Prosperity, legal certainty and freedom of religion
On the list of the ten “most liveable cities in the world” by the consulting firm Mercer, for example, there are three German metropolises in Düsseldorf, Munich and Frankfurt – the criteria for this ranking were political stability, crime, economic conditions, freedom of the individual and the press, health care, the school system, the housing situation, environmental pollution and leisure activities.
Germany has many social achievements that people value regardless of gender, age or origin. These include political and economic stability, the community of solidarity with its social security systems, freedom of opinion and religion, comprehensive and affordable medical care, the rule of law, the strong role of non-governmental organizations and trade unions and the high value placed on education. Germany is one of the most peaceful countries in the world, the country has known no social or political unrest for decades.
As a country of immigration, Germany also has great religious diversity. In everyday life you meet people from the most diverse religious traditions. Freedom of religion is a valuable asset in Germany. It is therefore enshrined in the Basic Law . Article 4 there states, among other things:
(1) The freedom of belief, of conscience and the freedom of religious and ideological belief are inviolable.
(2) The undisturbed practice of religion is guaranteed.
Most residents of Germany are Christians (55 percent) and either belong to the Roman Catholic Church or are a member of a Protestant regional church.

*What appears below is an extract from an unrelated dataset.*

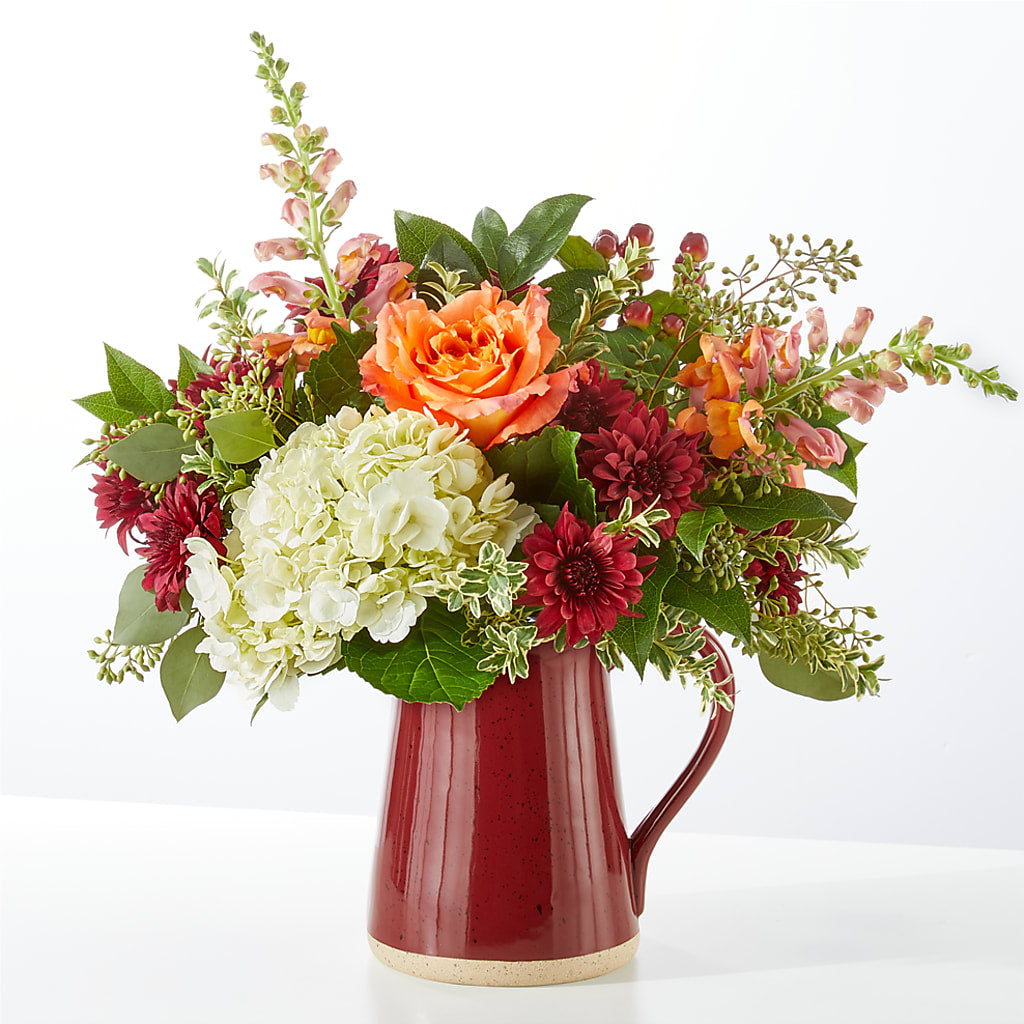 Fall's Finest Bouquet –  Hummelstown Flowers, Hummelstown PA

With a share of almost five percent, Islam is the third largest religion in Germany. In addition, there are more than 70 other religious communities. More than 36 percent of the residents are non-denominational.

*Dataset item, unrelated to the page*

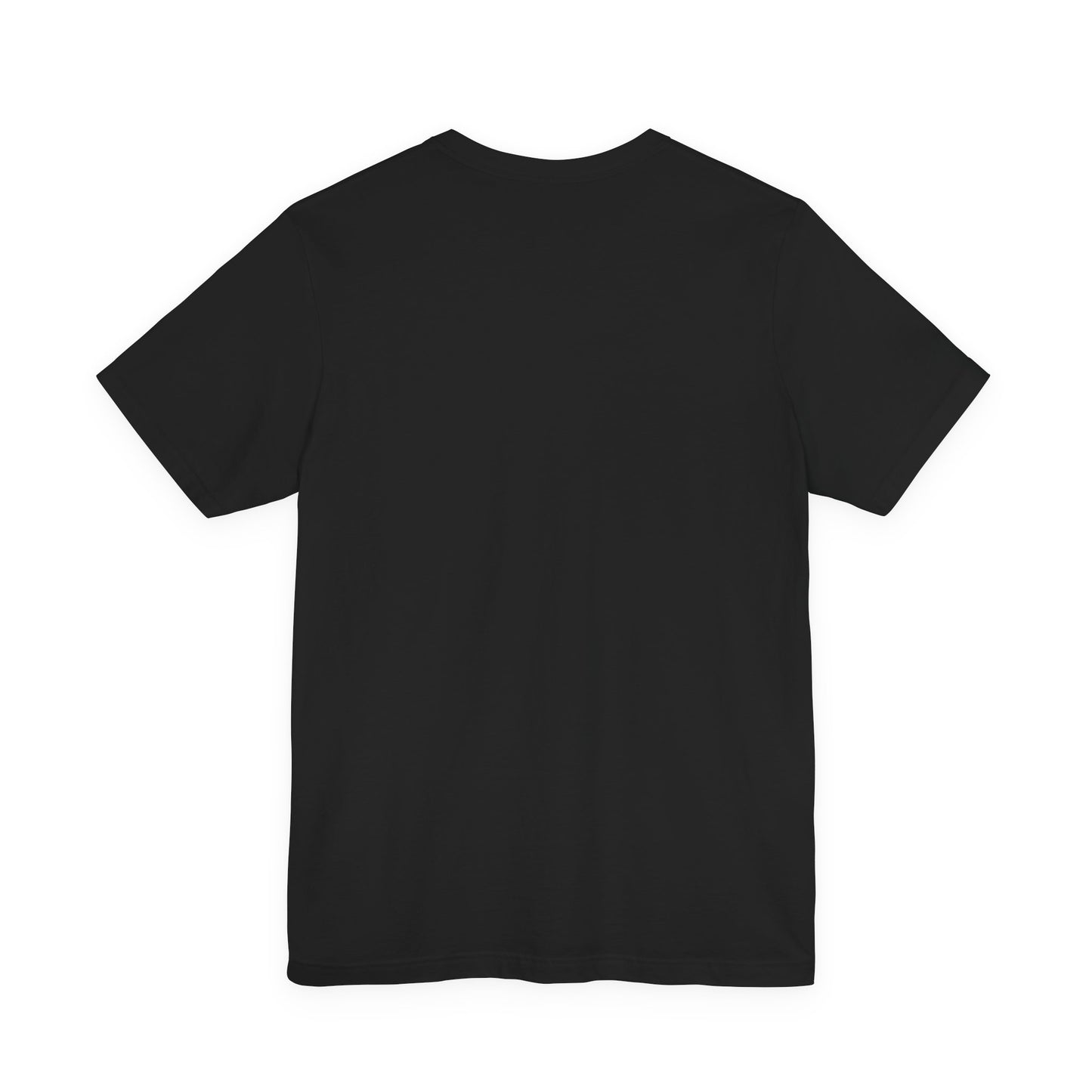 Hymenopus coronatus Unisex Jersey Short Sleeve Tee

Versatile cultural and leisure activities
The range of cultural and leisure activities in Germany is also very diverse and attractive. For example, in Germany there are tens of thousands of sports clubs from a wide variety of disciplines such as football, handball and tennis. Anyone can join the clubs, which are usually an inexpensive way to do sport alone or in a team – and thus to connect with people with the same interests. Those interested in literature can browse through books in numerous libraries nationwide. In addition, the libraries regularly offer cultural events such as readings and lectures, which you can attend free of charge or for a small fee. Those who are more interested in history or art can choose between many museums nationwide. Various music schools with lessons in singing, dance or instruments provide for the musical offer. If you are interested in attending a music school, you should first inquire about the costs of the lessons, as these can vary between schools. You will also find a wide range of courses atcommunity college . Whether you are interested in a new language, something cultural, creative, social or a new sport, everyone is welcome at adult education centres. There are no prerequisites for taking part in a course and the participation fees are usually low. You can even get a cost reduction under certain conditions. Get advice from your local adult education center and find out about the current programme.